The second question we should ask ourselves is whether we
will remember and support the victims of Driscoll’s unhealthy behavior. They
are, after all, the reason this problem should come to light, yet so often they’re
forgotten in the excitement of scandal. Victims often fall by the wayside when
high-profile people hurt them, because it’s more fun to analyze the
high-profile perpetrator than sit in sorrow with the hurting. Being in solidarity
with them means asking not only “What happened here?” but also “What do we do
to prevent this next time?”
Let’s not forget the Mars Hill pastors who changed their
personalities, lost their peace of mind, or lost
their jobs due to the church’s
“culture of fear.” Let’s remember them and actively build ministry attitudes
that value love and care.
Let’s remember the people whose lives were invaded and
harmed by over-zealous “church discipline,” and let’s start conversations about
what Matthew 18 accountability looks like in responsible, non-controlling
Let’s consider the people who lost friendships because of
ill-applied notions of “shunning” within the Mars Hill system. We must
encourage a church culture of open arms instead of closed doors.

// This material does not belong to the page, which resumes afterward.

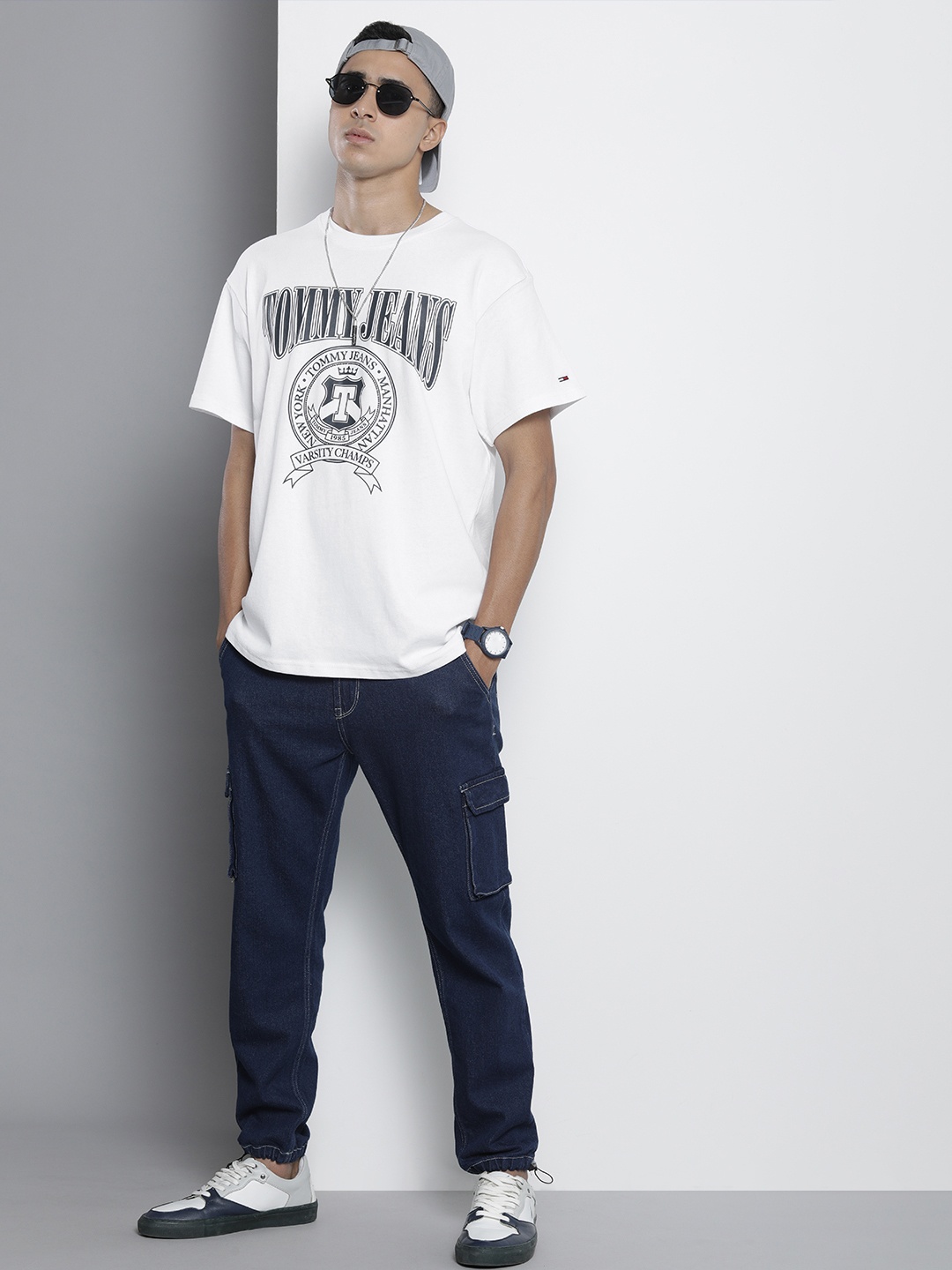 Tommy Hilfiger Men Logo Print Drop-Shoulder Sleeves Sustainable Cotton Relaxed T-shirt, White
Tommy Hilfiger Men Logo Print Drop-Shoulder Sleeves Sustainable Cotton Relaxed T-shirt, White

Let’s allow ourselves outrage that men who differed from
the lead pastor were belittled as un-masculine. Let’s acknowledge that women
were gaslighted, limited, degraded, controlled, and used as insults—and channel
the energy of our indignation into a public message of acceptance and gender
Let’s be mindful of the people who shouldered the label of
“sinful” because they had questions about these questionable things. Let’s be
clear with pastors and churches that accountability is important and healthy.
Let’s feel compassion for gay individuals who saw
themselves held up as punching bags instead of hearing responsible theological
discussion about homosexuality. Let’s never turn gay individuals into a joke.
Let’s be grown-up citizens for a few seconds and notice
that people’s intellectual property was stolen over the course of several
books. Let’s have standards equal to your average 18-year-old English 101 student
and call that what it is: plagiarism.
Let’s soberly remember that people who spoke up about these
things were called names. Divisive, bitter, grudge-holders, wrong, sinful,
crazy. Let’s commit to recognizing spiritual abuse and taking it seriously.
(Let’s also agree not to call women penis homes anymore.
Add this to the list of things I never thought I’d have to say.)
It is vital for the church to use this high-profile moment
for serious reflection about the nature of abuse, the signs of denial, and the
office of pastor.
To be honest, I’d rather turn the spotlight on those things
than continue to obsess about Driscoll in particular. I wish him no harm, only
that he would come to accept responsibility for what he’s done (that always
looks messy but is always ultimately a good thing for the offender and the
offended). I know that Jesus loves him just as much as me, and sees both our
sins, and I’m okay with that, and none of that means we ignore the hurt that
victims are going through. Love is big enough to love everyone. Love is big
enough to make everyone look at their ugly truths, and then offer a way out.
I pray this opens a chapter of greater awareness about spiritual
abuse in the North American church world. I pray that somehow, all of this
turns out right.
I also pray that it will be a little while before I have to
read anything else written by Mark Driscoll. I may not wish the man any harm,
but I sure could use a break from him.